En novembre 2016, des représentants de l’UE ont rendu public un plan d’action prônant une « énergie propre pour tous les Européens », qui apporte notamment des modifications à la directive sur l’efficacité énergétique et à la directive sur la performance énergétique des bâtiments.

Néanmoins, le directeur général de l’Institut européen de la performance énergétique (BPIE), Oliver Rapf, a rappelé au cours du débat à quel point la méfiance vis-à-vis des professionnels du secteur de la construction pouvait entraver tout progrès. « Il est clair que les progrès nécessaires ne sont pas réalisés », a-t-il regretté au sujet des besoins des Européens vivant dans des habitations inefficaces du point de vue énergétique.

D’après Pascal Eveillard, président de l’association des fabricants européens de matériaux d’isolation (Eurima), persuader les citoyens de rénover leurs maisons ou leurs immeubles ne peut fonctionner qu’en les ciblant en fonction de leur statut économique. « S’il est vrai que certaines personnes n’ont pas les moyens d’entreprendre des rénovations, d’autres ont un peu d’argent et sont prêtes à dépenser pour refaire leurs cuisines ou leurs salles de bain.
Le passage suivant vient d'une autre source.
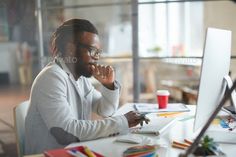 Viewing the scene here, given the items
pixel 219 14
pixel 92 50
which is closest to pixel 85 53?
pixel 92 50

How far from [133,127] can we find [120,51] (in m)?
3.97

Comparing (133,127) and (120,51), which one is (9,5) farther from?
(120,51)

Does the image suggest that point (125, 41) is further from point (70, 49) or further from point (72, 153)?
point (72, 153)

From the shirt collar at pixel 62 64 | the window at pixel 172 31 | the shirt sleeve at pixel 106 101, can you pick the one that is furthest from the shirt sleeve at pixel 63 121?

Il s’agit donc de cibler le bon public », a-t-il ajouté.

« Nous ne faisons pas office de maillon faible en proposant des produits d’isolation ou des rénovations de qualité », a déclaré Riccardo Viaggi, le secrétaire général de la confédération générale des constructeurs européens. « Nous créons des marchés porteurs; les gens veulent une belle cuisine, mais n’ont pas 20 000 euros en poche pour la rénover, nous devons donc changer cette situation et leur donner les ressources financières nécessaires. »

« On ne peut pas dire que la rénovation soit une chose facile: elle implique de nombreuses ressources technologiques, beaucoup de personnel et un nombre important de décisions à prendre », a fait savoir Brian Motherway, responsable de la division efficacité énergétique auprès de l’Agence internationale de l’énergie (AIE).
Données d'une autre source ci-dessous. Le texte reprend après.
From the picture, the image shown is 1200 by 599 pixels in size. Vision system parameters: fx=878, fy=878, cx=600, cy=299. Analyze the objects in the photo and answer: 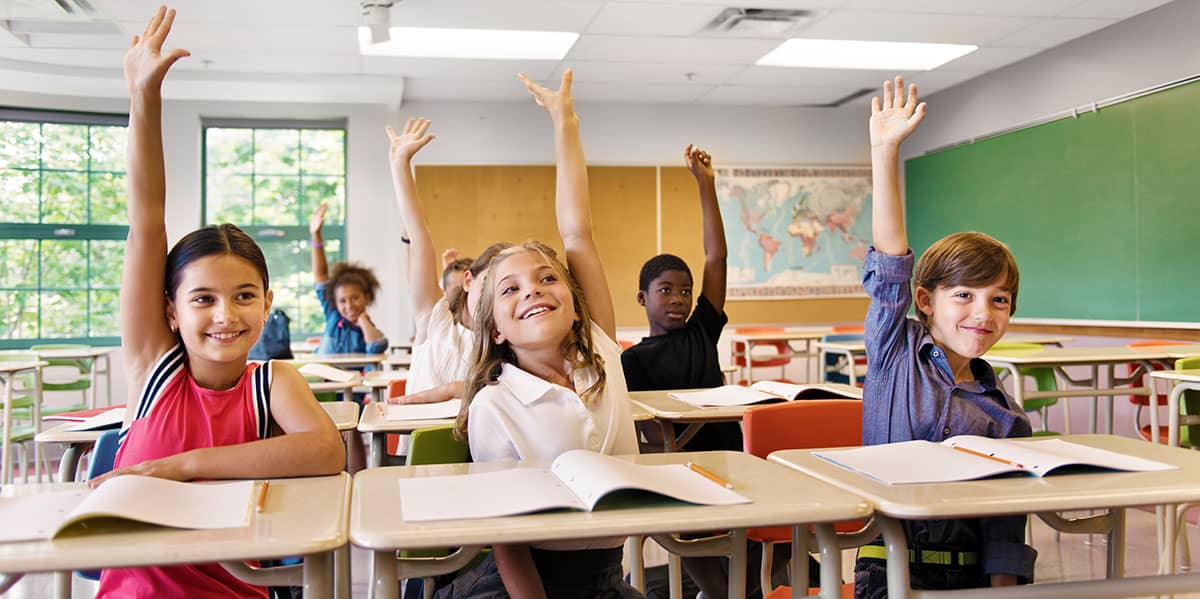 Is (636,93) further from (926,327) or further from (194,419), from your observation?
(194,419)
Pour Adrian Joyce, secrétaire général de l’Alliance européenne des entreprises pour l’efficacité énergétique dans les bâtiments (EuroACE), obliger les propriétaires à agir dans certains cas, par exemple lors de la mise en location d’une habitation, permettrait d’encourager les rénovations. Si ces mesures sont soutenues par des instruments financiers bien pensés, elles donneront aux propriétaires la possibilité d’entreprendre leurs rénovations dans de bonnes conditions.
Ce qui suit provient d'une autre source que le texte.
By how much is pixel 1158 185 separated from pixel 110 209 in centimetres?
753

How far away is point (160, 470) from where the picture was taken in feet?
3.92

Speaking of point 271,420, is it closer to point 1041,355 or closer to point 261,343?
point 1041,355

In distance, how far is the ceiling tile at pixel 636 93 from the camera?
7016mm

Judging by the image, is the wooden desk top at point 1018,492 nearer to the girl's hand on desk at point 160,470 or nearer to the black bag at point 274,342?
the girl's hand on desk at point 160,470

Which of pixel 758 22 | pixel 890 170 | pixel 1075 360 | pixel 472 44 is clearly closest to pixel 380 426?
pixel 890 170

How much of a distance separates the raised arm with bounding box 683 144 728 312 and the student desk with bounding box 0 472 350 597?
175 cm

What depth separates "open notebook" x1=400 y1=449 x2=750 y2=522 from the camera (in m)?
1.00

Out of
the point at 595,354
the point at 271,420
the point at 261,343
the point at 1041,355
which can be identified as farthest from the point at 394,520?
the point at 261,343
« Une bonne manière de motiver les citoyens est de leur montrer où commencer avec des investissements peu coûteux qui les feront rapidement économiser. Dans un premier temps, ils peuvent notamment se lancer dans l’optimisation de leur système de chauffage », a conseillé Susanne Tull, chargée des affaires publiques européennes chez Danfoss.

« Le concours ‘Better Homes’ au Danemark est une illustration parfaite de ce genre d’initiatives », a-t-elle ajouté. « Dans ce projet, un spécialiste analyse les habitations et fait des propositions sur la meilleure manière de les rénover en fonction des besoins des habitants. Si nous simplifions la modernisation, nous serons en mesure de relancer le marché de la rénovation immédiatement. »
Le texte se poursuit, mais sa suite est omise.